Pour cultiver à fond la bêtise à l’américaine il faudrait introduire au lycée des cours de Béatitude (ce qu’on appelle ici Art Appreciation) où l’on vous apprend à faire des oh! et des ah! devant tout ce que les autorités désignent comme une Oeuvre d’Art. Malheureusement, c’est un système qui déjà est en déclin aux USA, puisqu’on peut tout aussi facilement pousser des petits cris à un match de baseball. La fameuse Culture Industry que dénonçait Adorno a vu de meilleurs jours en ce qui concerne la culture d’élite. En France par contre, où l’on enseigne depuis près de deux cents ans que l’extase est réservée aux nantis, il semble un peu tard pour faire marche arrière : si tout le monde se mettait à faire des oh! et des ah! on ne distinguerait plus les élites et les autres.

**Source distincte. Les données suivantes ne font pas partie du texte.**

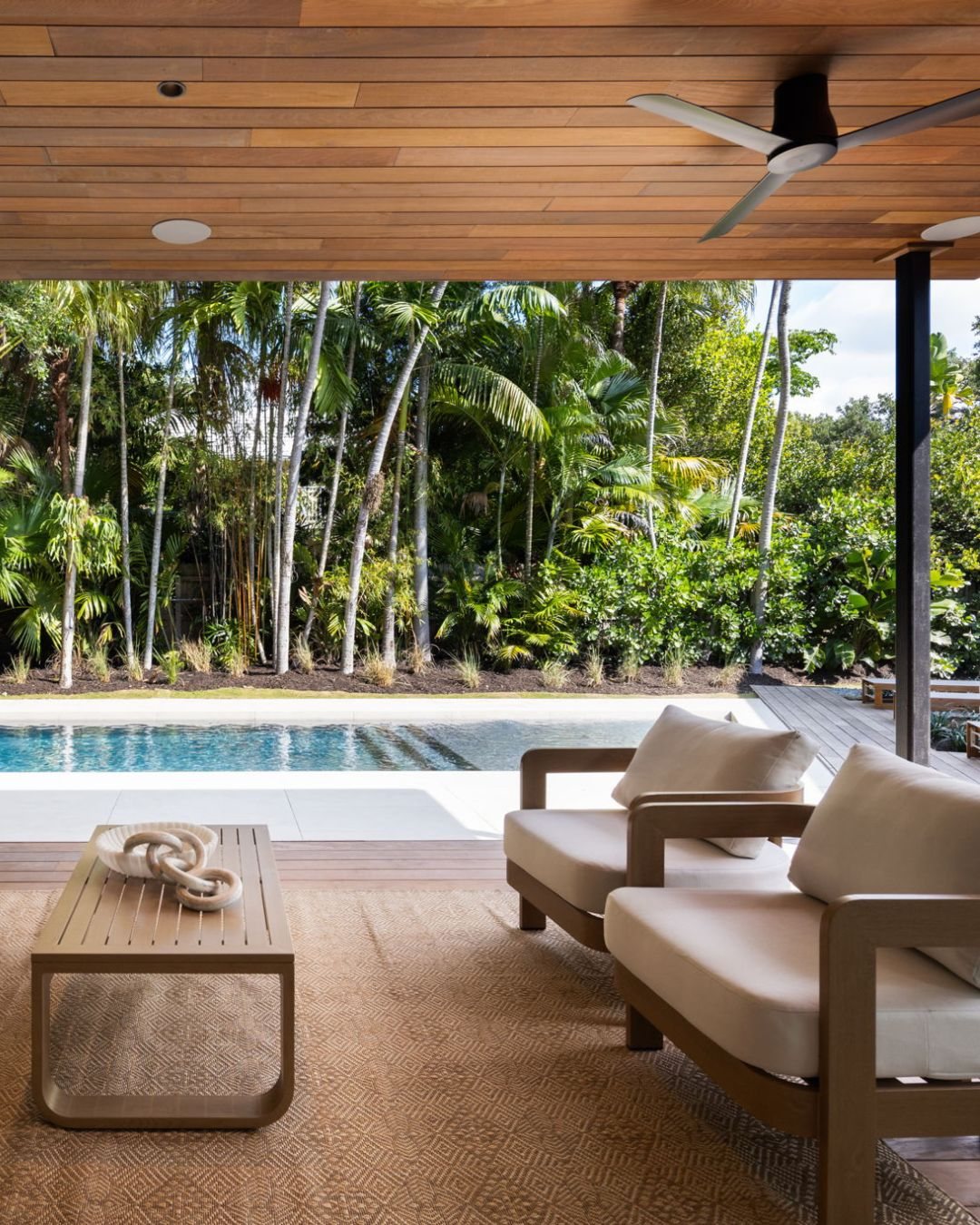 Covered terrace under a warm wood ceiling, looking out to the pool
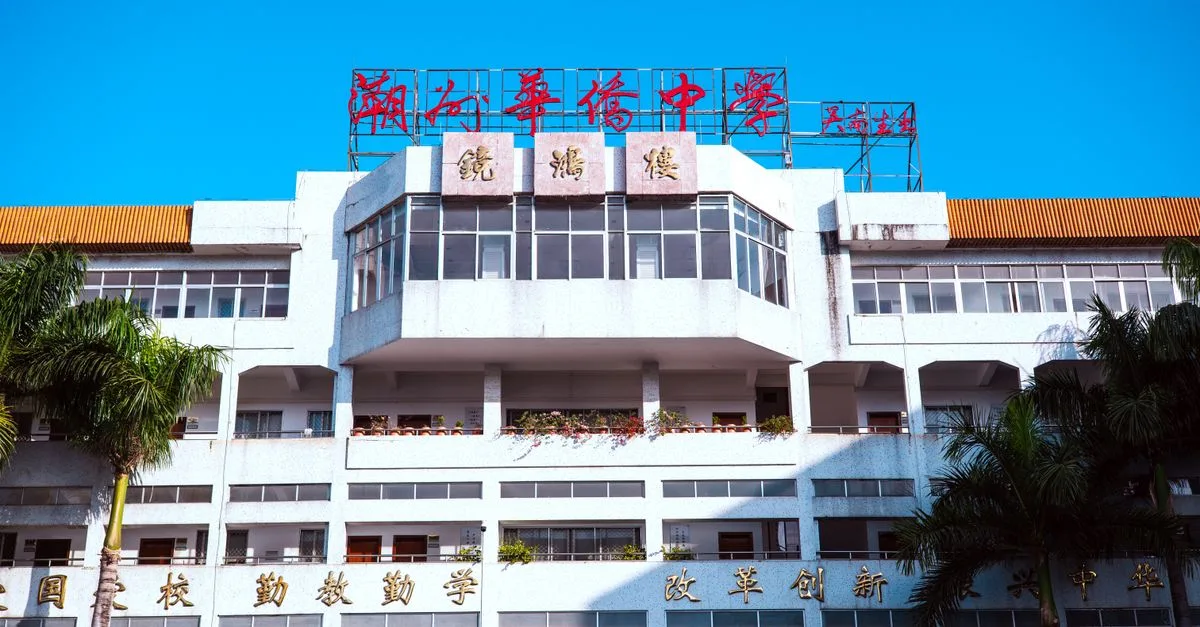 A large urban school building with palm trees and bright signage under a clear blue sky.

Charles Péguy, dans le premier numéro des Cahiers de la Quinzaine, raconte une belle histoire concernant la statue de Dalou, Le Triomphe de la République, place de la Nation. D’après Péguy elle avait fait l’objet d’une espèce d’investiture populaire, une inauguration spontanée qui avait attiré des milliers de prolétaires de tous les coins de Paris. Malheureusement cette attrait spontané de l’Art n’est jamais si spontané que ça, et Péguy le savait bien, pour qui « ap-prendre à lire » aux autres était le seul vrai but de l’éducation : apprendre à lire un tableau, à lire l’histoire, à lire la rue. L’éducation elle-même était politique, dans le sens où l'on se basait sur des dispositions plus ou moins innées parmi les classes sociales et on les faisait fleurir. Pour éduquer les gens à être bête il faut d’abord s’imaginer que les gens sont prédisposés à la connerie. Pour convertir l’amour de voir en une attraction spontanée vers un musée où on vous fait chier dans la queue pour vous faire payer un prix ridicule pour passer quelques minutes serrés comme des sardines pour voir quelque chose dont on ne sait rien et dont on n’a rien à foutre et tout ça pour renflouer le trésor – pour s’imaginer ça il faut être plus bête qu’un ouvrier : plus bête même qu’un historien de l’art, et ça n’est pas peu dire.